Re: Secret History of the Beast Riders?

From: Glass <glass_at_...>
Date: Tue, 26 Mar 2013 16:48:34 -0000

> I don't agree with this take. Daka Fal is the great spirit of ancestor worship. Neither the ancestors nor the judge of the dead are scorned or wretched.

All good. I didn't say any of this was sane, only that the structural parallels -- and not equivalences -- are worth gnawing on.

> The fact that the ancestral spirits are powerless in the face of gods doesn't really say much. Any small spirit gets blown away by a bigger one.

What makes Waha a bigger spirit?

> There are many victims of the god's war. The Father of Independents and Daka Fal are far from unique in that.

How many do we still talk about?

> Would Waha have recognized Daka Fal as judge of the dead if he was as much of a loser as you describe him to be?

I'm not calling Daka Fal a loser. I'm pointing to structural parallels between him and a loser.

But let's go back to that text, because it fairly artfully marries the divine recognition with the "loser" (inferior) status:

Daka Fal was named by the gods to be the Judge of the Dead, for it was he who first knew that power and who holds all of the secrets of Death. In Prax his worship has had no actual power in the face of the gods. In times of crisis, when the gods fail their worshippers, this cult gets very popular.

Named by the gods. No actual power in the face of the gods.

We can also debate whether dying represents loss here or not. I think there's something tragic about the story at least. He failed. He died. He's the archetypal dying man. The Great Darkness messed him up somehow.

These aren't winner traits. Winners can recognize something valuable in the story and make room for it in their society without forgetting that it's a story of loss. If it wasn't, there'd be no death and nothing for a judge of the dead to do.

> I thnk you are conflating two things. The Dead Place is not an avoidance of the separation between the living and dead.
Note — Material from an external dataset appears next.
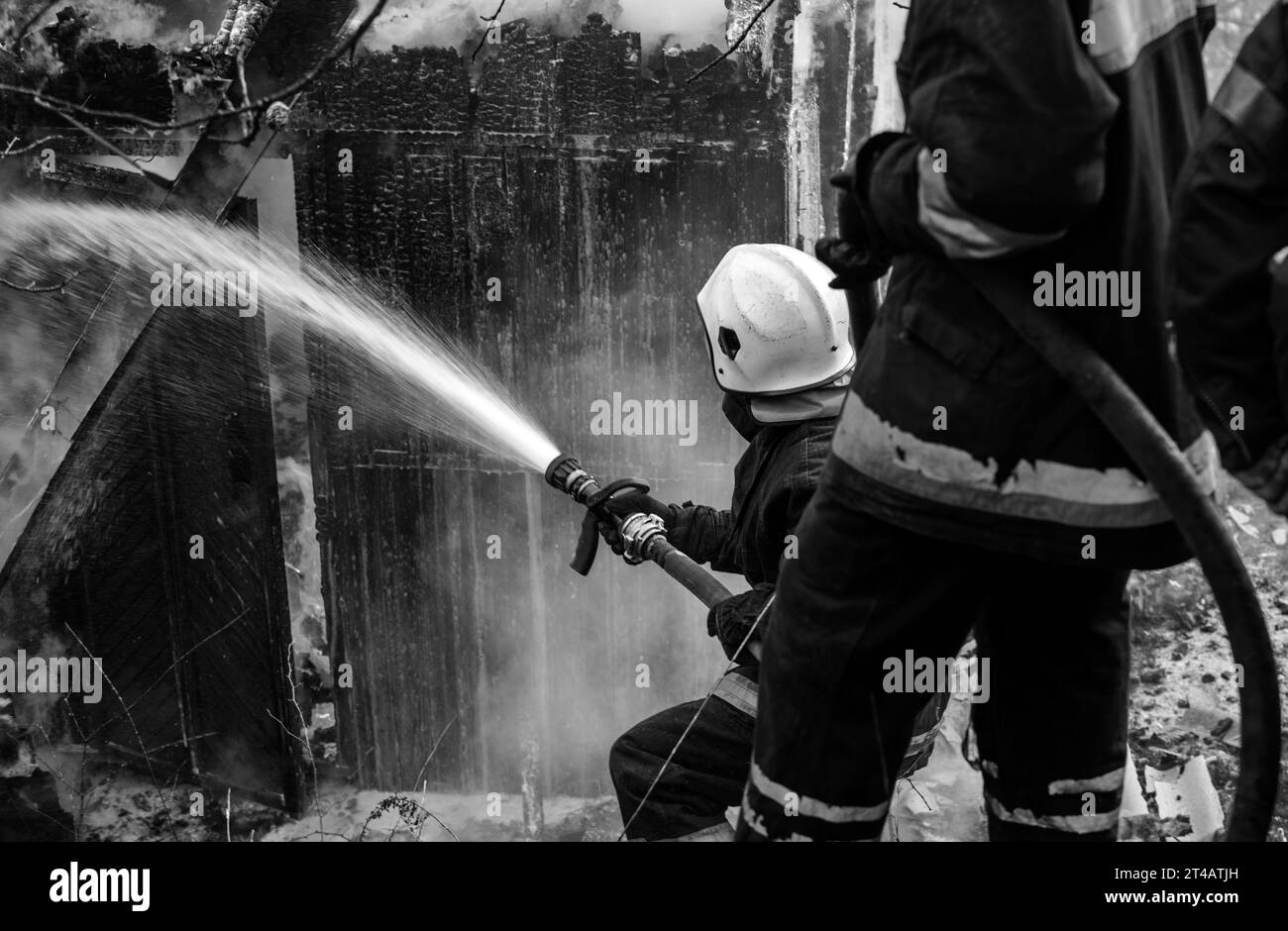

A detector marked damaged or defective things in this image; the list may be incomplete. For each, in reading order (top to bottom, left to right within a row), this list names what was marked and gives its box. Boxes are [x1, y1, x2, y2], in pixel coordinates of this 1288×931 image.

burned wooden wall [293, 7, 860, 798]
I wouldn't say "avoidance of the separation." I'd say "a place where the separation breaks down." There is no spirit world there. Spirits become physical. The line between spirit and flesh ceases to exist.

> It's MGF is you like to go down this path, but I think it over simplifies. Genert was clearly not the first death, and we know that Daka Fal was. I tend to identify Daka Fal with Orani, who was a son of Storm Bull, after whom Orani's Mistake is named. I like to think that he died fighting Basmoli invaders. But I think that is contradicted somewhere in the canon.

I said it was the pinnacle of crazy, after all. Some crazed tribal mystic may think so. We need more crazed tribal mystics.

Orani is a great alternative. Which makes Daka Fal what, Waha's brother? And it brings the [western-leaning] lion men into the picture. Their god died too.

Another option is that there were endless Grandfather Mortals and the Orlanthi had one and Orani was another and there's maybe even one hiding under the complex we now call "Genert" and a fourth whimpering over at the Dead Place. Some of them get conflated at different points by different people. Some get deliberately pulled apart.

> - He was associated with a place that was crushed when Storm Bull fell on it.
> - He was with Storm Bull when Storm Bull dropped. We was either crushed by Storm Bull ("I'll catch you!") or was an earth entity whom Eiritha sucked dry.
> - He's something chaotic that was fighting Storm Bull and got crushed or sucked dry.
> - He's a part of Storm Bull. Storm Bull has lots of parts that got broken off of him. Maybe he is Storm Bull's cunning.

All great avenues for tribal magicians to explore. The last one especially.

Does he have a grudge against Storm Bull, do you think? What's their relationship like, in your Glorantha?